Even though everyone was busy and the scene seemed chaotic, absolutely no one would take the situation lightly. All doctors involved would do their utmost to save the mother and the child. Of course, if power is limited, doctors will prioritize saving the mother first.
"Yingying, go—" Li Xiaobing pleaded with her again, issuing a strong request, "I only trust you, you know that."
Senior Li appeared on the verge of panic.
A mother’s love for her child is something that those who haven’t been mothers find hard to comprehend.

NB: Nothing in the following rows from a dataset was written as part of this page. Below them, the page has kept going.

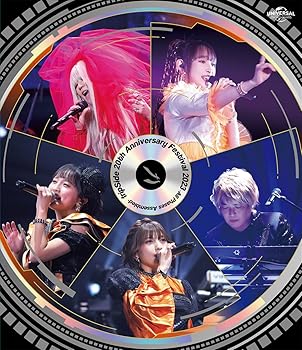 【中古】fripSide 20th Anniversary Festival 2023 -All Phases Assembled(通常版) [Blu-ray]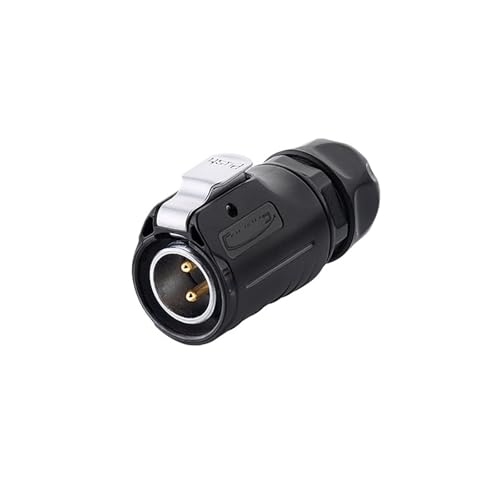 Conector LP20 de 2 pines para cables de iluminación LED en jardines 2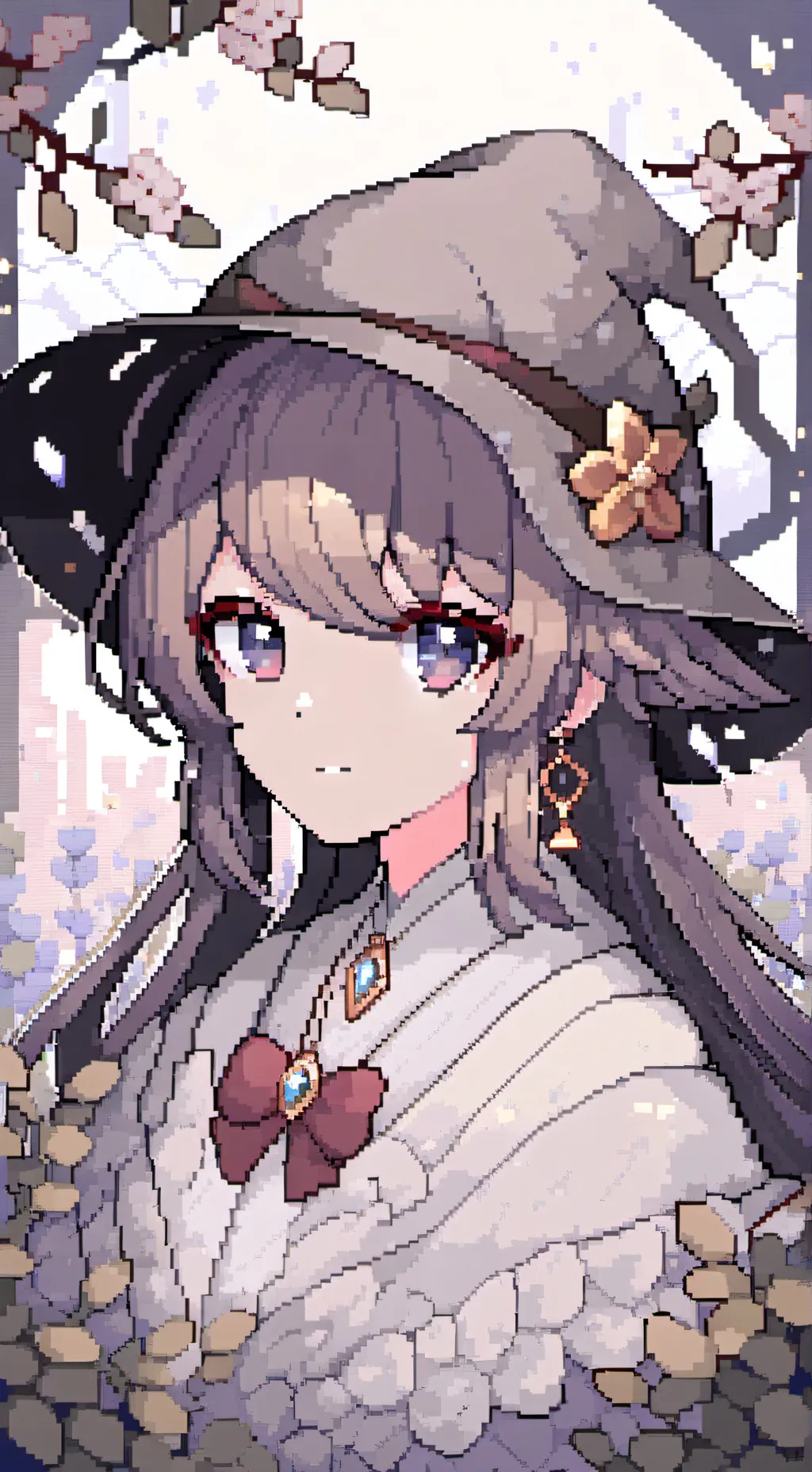 ai character: cousin  background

Xie Wanying thought of her own mother.
Sun Rongfang’s catchphrase was the same: anyone who harms my daughter will have to deal with me.
"Go, Yingying."
This steady voice was: Senior Cao?
Xie Wanying raised her gaze and locked eyes with her senior opposite.
Finally receiving her returning gaze, Cao Yong nodded his chin decisively.
With Senior Cao here guarding the senior, it was good, she would go guard her senior’s baby.
Gratefully fortified by Senior Cao, Xie Wanying quickly agreed, "Senior, I will go."